*Recorded information*
== Segment start ==
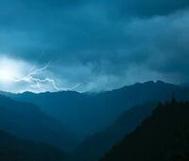 静乐天气预报15天?静乐天气预报15天今天几点有雨?-第2张图片-巾百福 静乐天气预报15天?静乐天气预报15天今天几点有雨?-第2张图片-巾百福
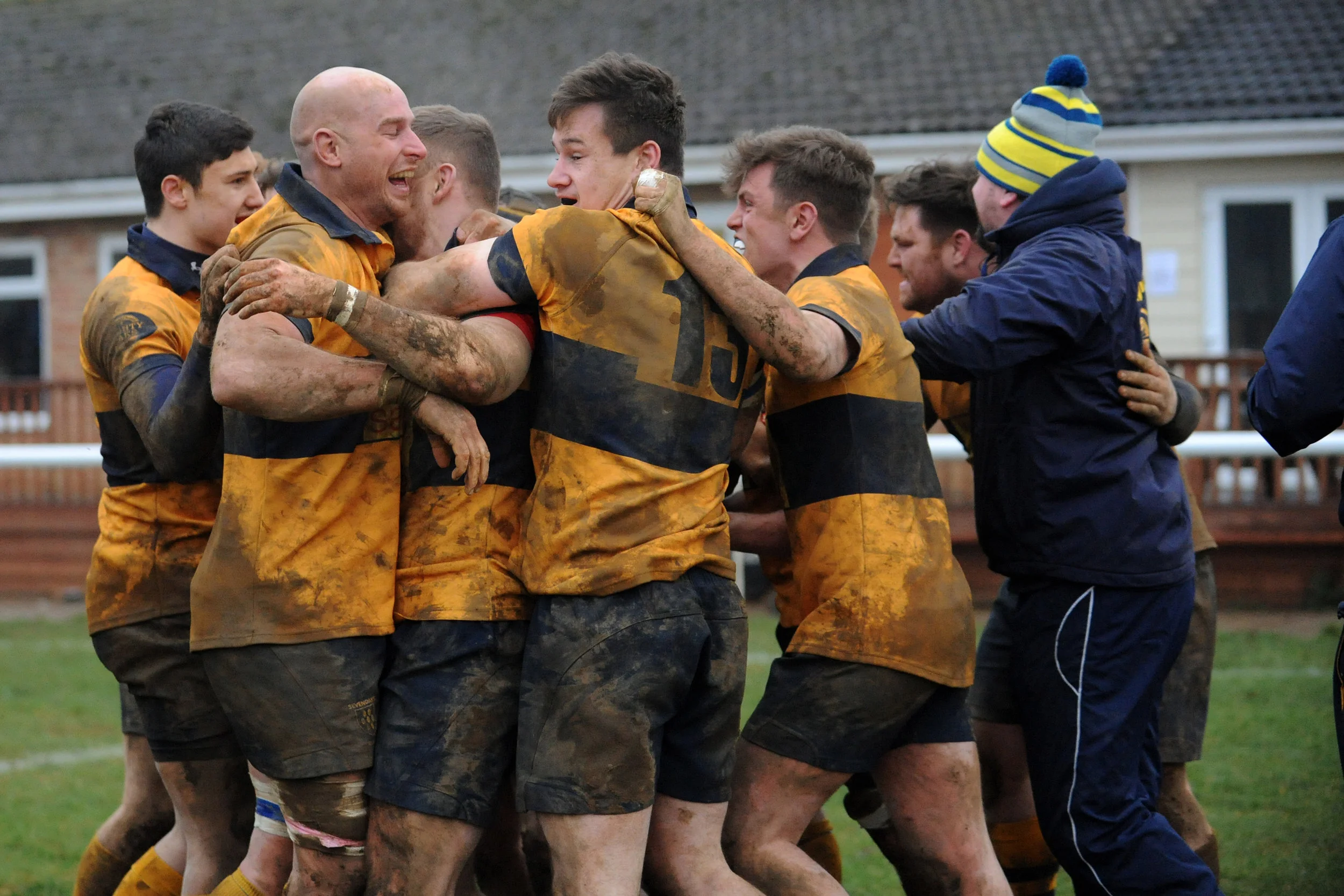 SEVENOAKS_ GRAVESEND_DP_20170210_093.JPG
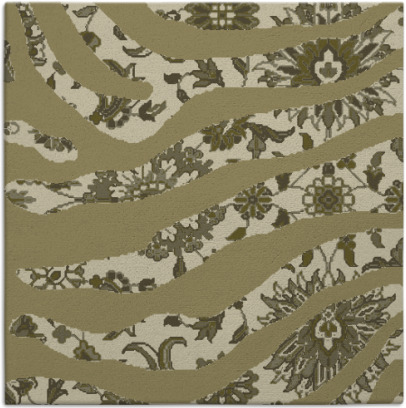 kairi rug - item 1319869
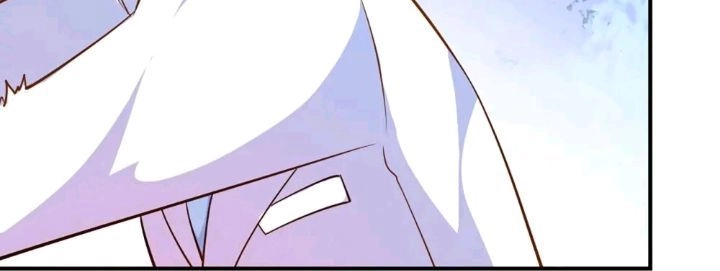 Chiếc Điện Thoại Thần Kỳ Chapter 46 - 16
== Segment end ==
*Assignment*
Quote exactly the lines from the one that contains "SEVENOAKS_ GRAVESEND_DP_20170210_093.JPG" through the end of the listing above, both ends included, leaving out the pictures.

*Response to the task*
 SEVENOAKS_ GRAVESEND_DP_20170210_093.JPG
 kairi rug - item 1319869
 Chiếc Điện Thoại Thần Kỳ Chapter 46 - 16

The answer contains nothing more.